» **THE PROBLEM**:
Retype each entry exactly. Skip any pictures.

» **DATA TO PROCESS**:
--- START ---

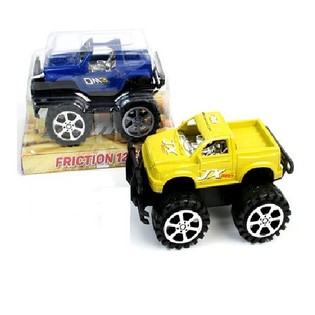 GRAN JEEP DE FRICCIÓN EN BLÍSTER (6 uds.)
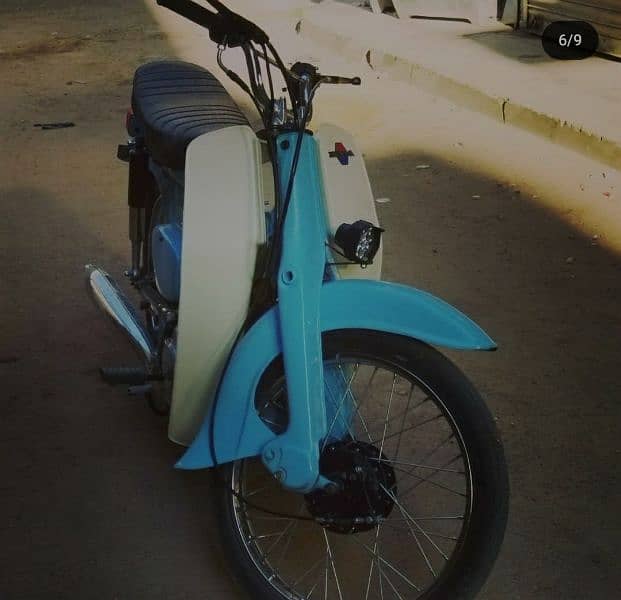 Honda 50 C50 0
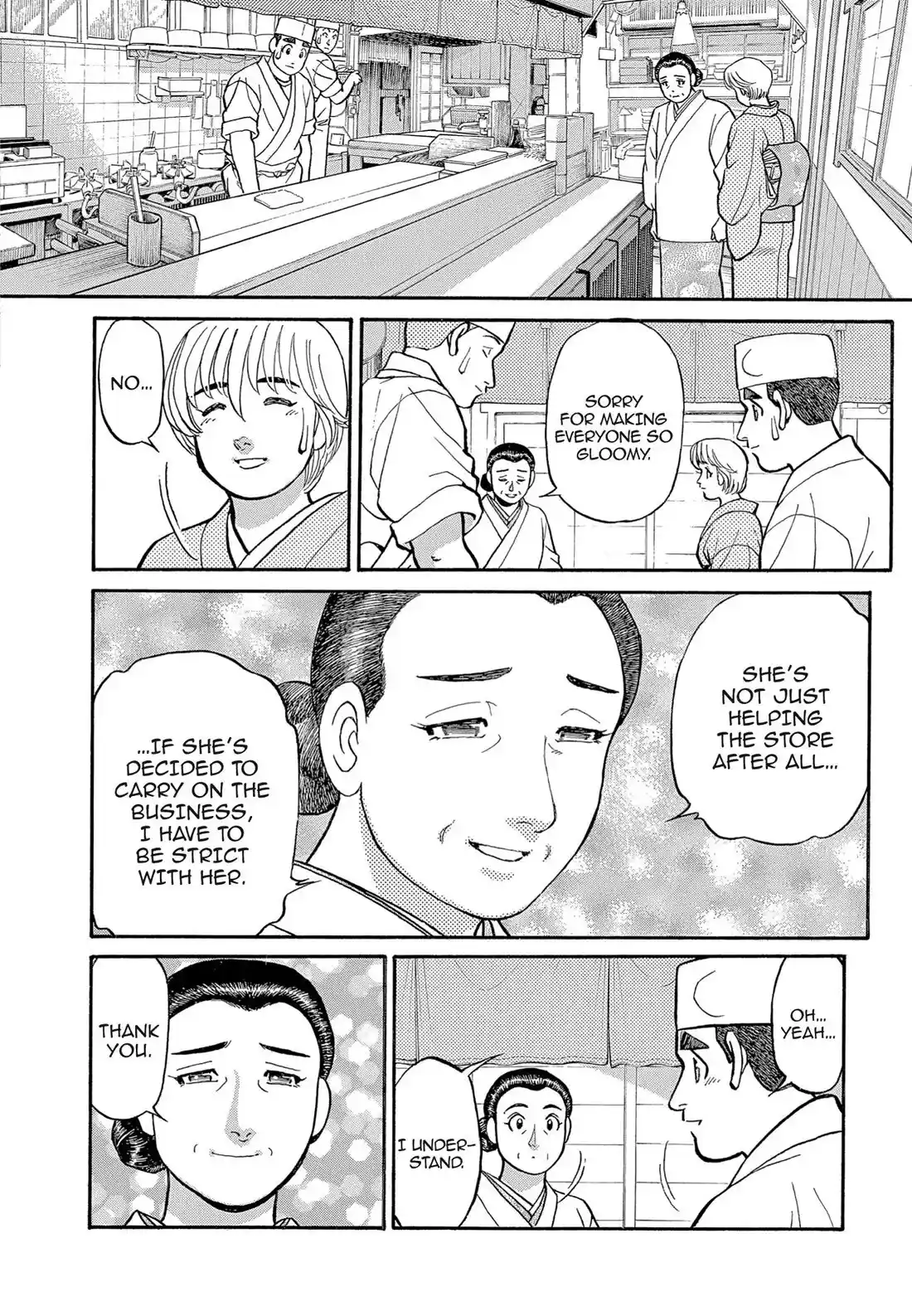 Sota's Knife Chapter 113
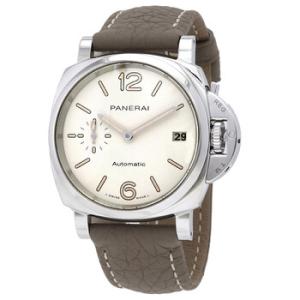 Luminor Due Automatic White Dial 38 mm Watch PAM01043
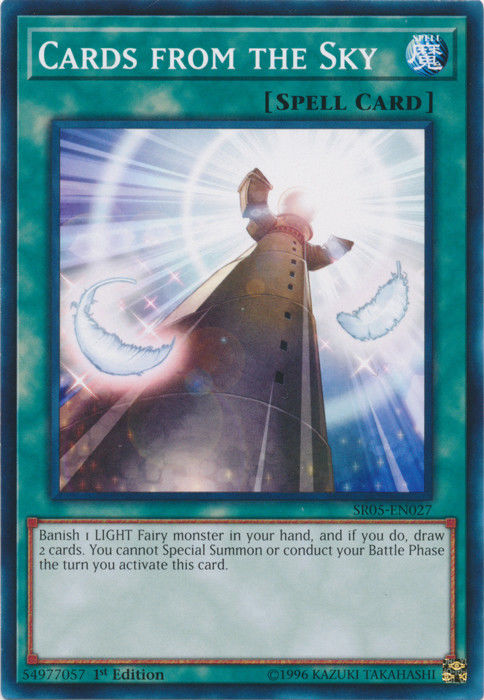Cards from the Sky [SR05-EN027] Common | Total Play
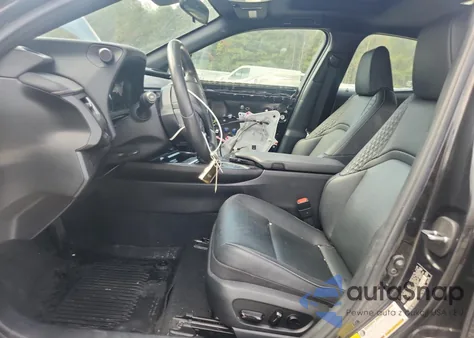 2021 Lexus Ux 250H из США, поврежденный, VIN JTHX9JBH3M2039820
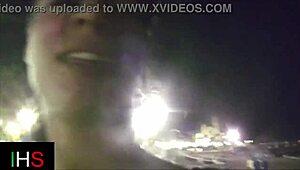 beautiful brunette girl gets fucked and enjoys like crazy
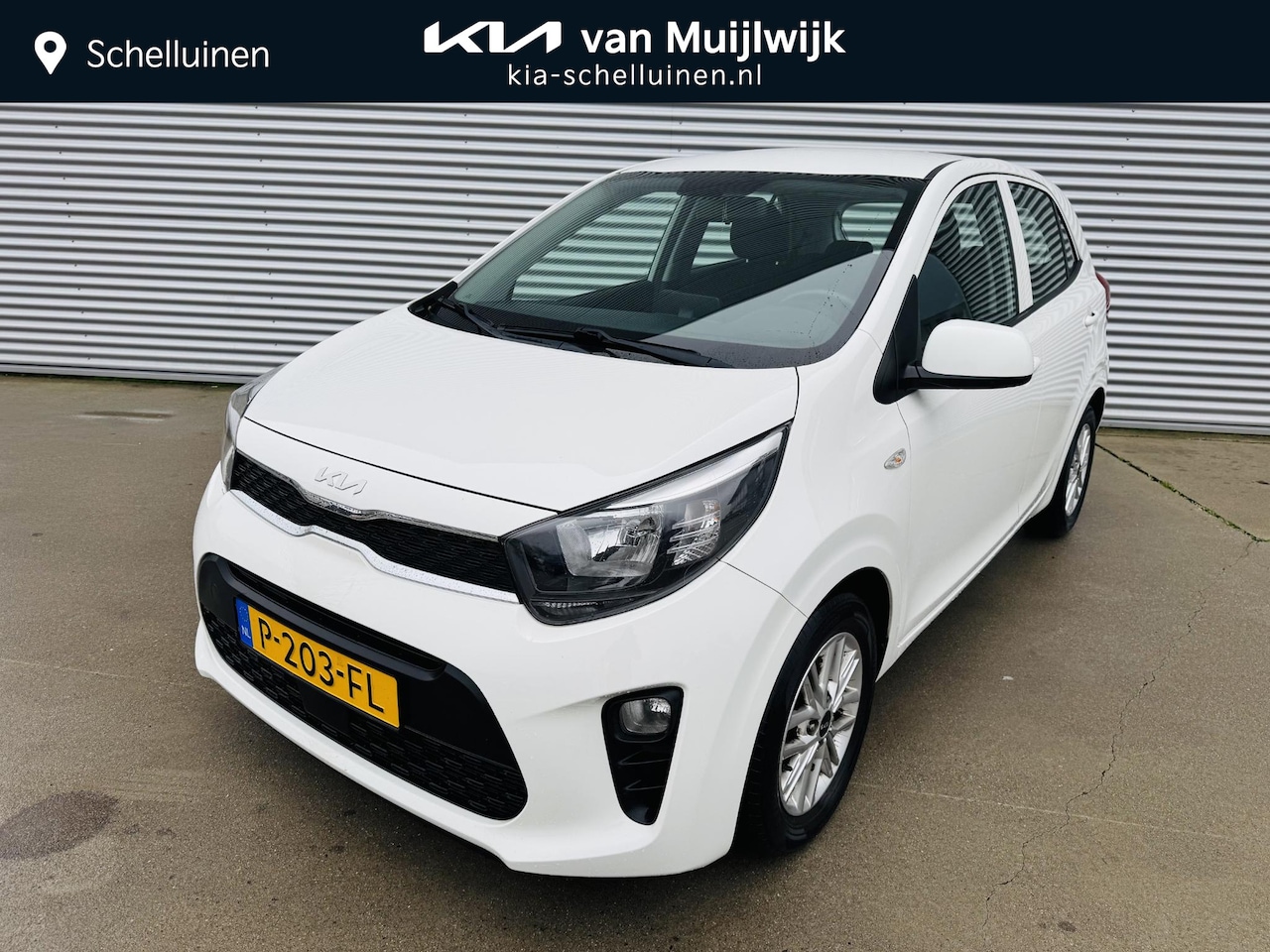 Kia Picanto - 1.0 DPi DynamicLine NW geleverd & Onderhouden | Camera | Navi via AppleCarplay&AndroidAuto - AutoWereld.nl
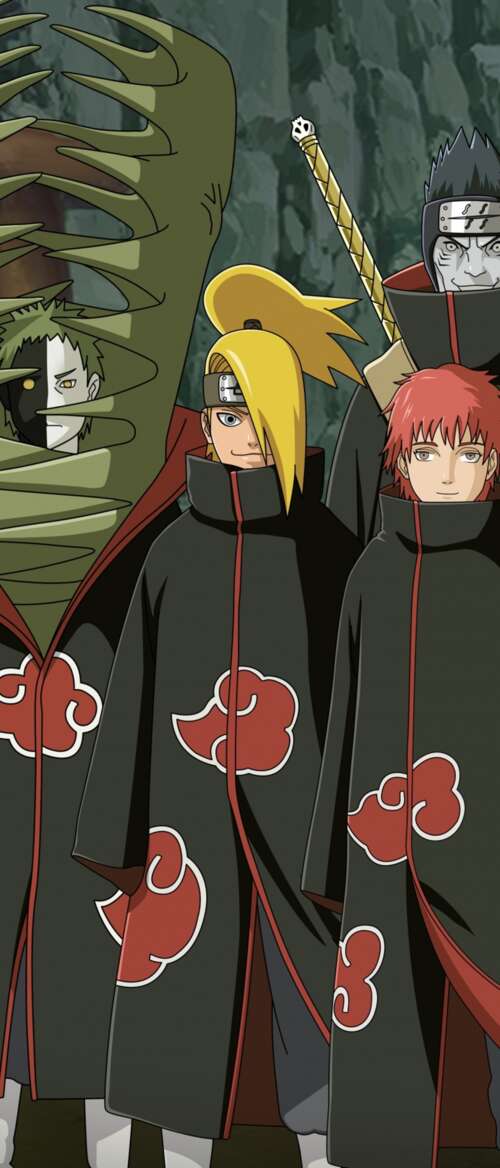 Nagato and Pain of the Akatsuki organization from Naruto nubia Flip 3 free hd wallpapers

--- END ---

» **WRITTEN RESPONSE**:
 GRAN JEEP DE FRICCIÓN EN BLÍSTER (6 uds.)
 Honda 50 C50 0
 Sota's Knife Chapter 113
 Luminor Due Automatic White Dial 38 mm Watch PAM01043
Cards from the Sky [SR05-EN027] Common | Total Play
 2021 Lexus Ux 250H из США, поврежденный, VIN JTHX9JBH3M2039820
 beautiful brunette girl gets fucked and enjoys like crazy
 Kia Picanto - 1.0 DPi DynamicLine NW geleverd & Onderhouden | Camera | Navi via AppleCarplay&AndroidAuto - AutoWereld.nl
 Nagato and Pain of the Akatsuki organization from Naruto nubia Flip 3 free hd wallpapers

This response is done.